Non, il n’y avait pas de public cible au départ. Il y avait des informations que j’avais envie de partager, donc je les partageais. Ce que je disais, c’est que les balados étaient pour des amateurs d’architecture, d’art, de musique et d’expériences. Ils s’adressaient aux gens qui veulent découvrir leur ville, même aux touristes avertis qui cherchent des expériences inédites. Ça s’adressait surtout à un public adulte et à des citoyens canadiens plus qu’à des personnes extérieures. Il y a quand même beaucoup d’informations pour ceux qui découvrent Montréal pour la première fois.
Passons maintenant aux balados qui décrivent la vie de Michel Tremblay. Pouvez-vous nous décrire ce projet?
J’avais envie de faire découvrir les quartiers par la littérature. Antoine m’a alors parlé de Marie-Ève parce qu’elle enseigne la littérature et qu’elle voulait faire des projets. Son fils est à l’école Paul Bruchési, qui célébrera son 100e anniversaire en 2022. L’école est située sur Le Plateau-Mont-Royal. Il y aura des célébrations en lien avec cet anniversaire. Or, il s’agit de l’école primaire de Michel Tremblay; sa maison d’enfance est juste à côté ainsi que le parc dans lequel il jouait et sa ruelle. L’école Paul Bruchési a montré son intérêt pour le projet, celui-ci a donc décollé.

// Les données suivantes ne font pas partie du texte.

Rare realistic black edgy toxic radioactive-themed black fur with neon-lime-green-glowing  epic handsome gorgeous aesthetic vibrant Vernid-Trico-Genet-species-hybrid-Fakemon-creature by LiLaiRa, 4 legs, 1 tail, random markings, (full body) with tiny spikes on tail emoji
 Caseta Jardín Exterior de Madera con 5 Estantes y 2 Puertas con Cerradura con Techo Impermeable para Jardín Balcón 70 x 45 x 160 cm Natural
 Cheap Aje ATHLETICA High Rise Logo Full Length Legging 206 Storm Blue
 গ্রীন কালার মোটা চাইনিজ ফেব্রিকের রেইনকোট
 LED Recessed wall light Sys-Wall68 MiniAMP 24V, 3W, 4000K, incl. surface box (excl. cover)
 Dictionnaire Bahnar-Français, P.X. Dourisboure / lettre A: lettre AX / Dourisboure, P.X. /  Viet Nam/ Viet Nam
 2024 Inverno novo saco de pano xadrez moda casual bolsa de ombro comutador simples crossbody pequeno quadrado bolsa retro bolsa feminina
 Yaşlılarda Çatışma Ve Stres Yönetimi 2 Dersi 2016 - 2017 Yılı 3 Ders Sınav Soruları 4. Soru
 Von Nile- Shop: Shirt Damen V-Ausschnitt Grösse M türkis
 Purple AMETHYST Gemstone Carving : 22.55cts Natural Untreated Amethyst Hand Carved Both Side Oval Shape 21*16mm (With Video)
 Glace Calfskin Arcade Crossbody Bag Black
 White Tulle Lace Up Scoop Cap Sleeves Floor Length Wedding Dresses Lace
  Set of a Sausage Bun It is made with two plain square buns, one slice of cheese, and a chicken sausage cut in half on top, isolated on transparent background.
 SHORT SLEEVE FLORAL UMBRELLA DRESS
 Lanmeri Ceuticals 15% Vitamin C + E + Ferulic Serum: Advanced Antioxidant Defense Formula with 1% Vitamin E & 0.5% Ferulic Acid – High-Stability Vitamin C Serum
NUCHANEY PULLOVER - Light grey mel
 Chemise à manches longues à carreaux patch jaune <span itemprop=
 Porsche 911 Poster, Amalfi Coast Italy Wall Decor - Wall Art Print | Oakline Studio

Le projet s’adressant à un public scolaire, surtout les élèves du 3e cycle du primaire, on ne s’adresse pas à lui de la même façon qu’à un public adulte. Pour rejoindre ce public, Marie-Ève a eu l’idée de choisir un chat comme guide. C’est un chat de ruelle qui s’appelle Duplessis et qui est bleu. Nous jouons entre fiction et réalité. Fiction parce que, parfois, des personnages de Michel Tremblay apparaissent sur un balcon ou dans la ruelle, mais en même temps, ces personnages ont été inspirés de sa vie. Donc fiction ou réalité?
Ces balados sont une manière d’entrer dans la vie de Tremblay et dans sa façon de voir les choses, mais surtout d’entrer dans la vie d’un quartier, c’est ça qui est important. Le balado nous permet de mettre en lumière ce quartier qui était habité par la classe ouvrière. Il est intéressant de découvrir les femmes de cette époque ainsi que le contrôle de l’Église. La force de ce balado est qu’on peut vraiment sentir la difficulté du mode de vie de ce temps.
Vous avez bien expliqué pourquoi il s’agit d’un projet ayant un public scolaire primaire en tête. En revanche, pourquoi ne pas avoir élargi le public cible de ce projet pour le cégep par exemple, sachant que Michel Tremblay est probablement l’un des auteurs les plus lus dans ces institutions? Est-ce que ça pourrait vous intéresser éventuellement?
En fait, ce projet est pour tout le monde. C’est en réalisant ce projet que j’ai découvert l’œuvre de Tremblay, et j’ai pu constater que son œuvre est monumentale. On peut se laisser prendre au jeu à n’importe quel âge, malgré le fait que le narrateur soit un chat de ruelle.
Portrait Sonore a réalisé plusieurs autres projets fort intéressants. Parmi ceux-ci, on propose une balade qui fait découvrir à l’auditeur·rice l’histoire des arbres du Mont-Royal. Plusieurs projets sont en route, dont un projet sur une poète de Ville-Émard, qui s’adressera davantage à un public cégépien.